## [EXERCISE BRIEF]
Restate the listing word for word; omit the images.

## [DATASET CONTENT]

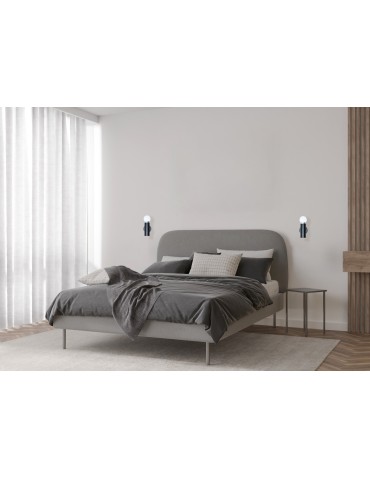 Italux Macera Kinkiet 1xE27 piaskowy czarny WL-33849-1-BK - produkt 2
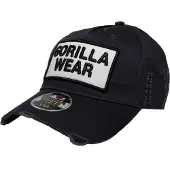 Gorilla wear Harrison Pet - Zwart/Wit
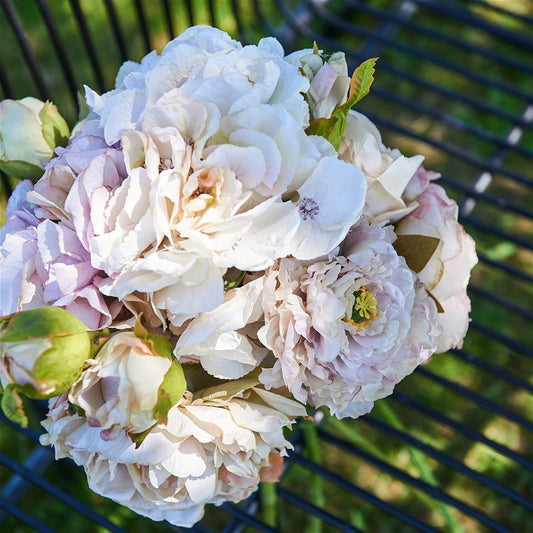 Hortensia stilk Kunstige Stearinlys 2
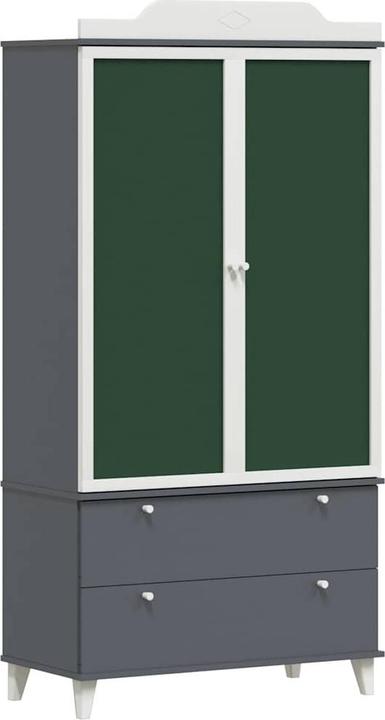 Actual product image vidaXL Kleiderschrank Möbel (45 cm)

## [FINISHED TASK]
 Italux Macera Kinkiet 1xE27 piaskowy czarny WL-33849-1-BK - produkt 2
 Gorilla wear Harrison Pet - Zwart/Wit
 Hortensia stilk Kunstige Stearinlys 2
 Actual product image vidaXL Kleiderschrank Möbel (45 cm)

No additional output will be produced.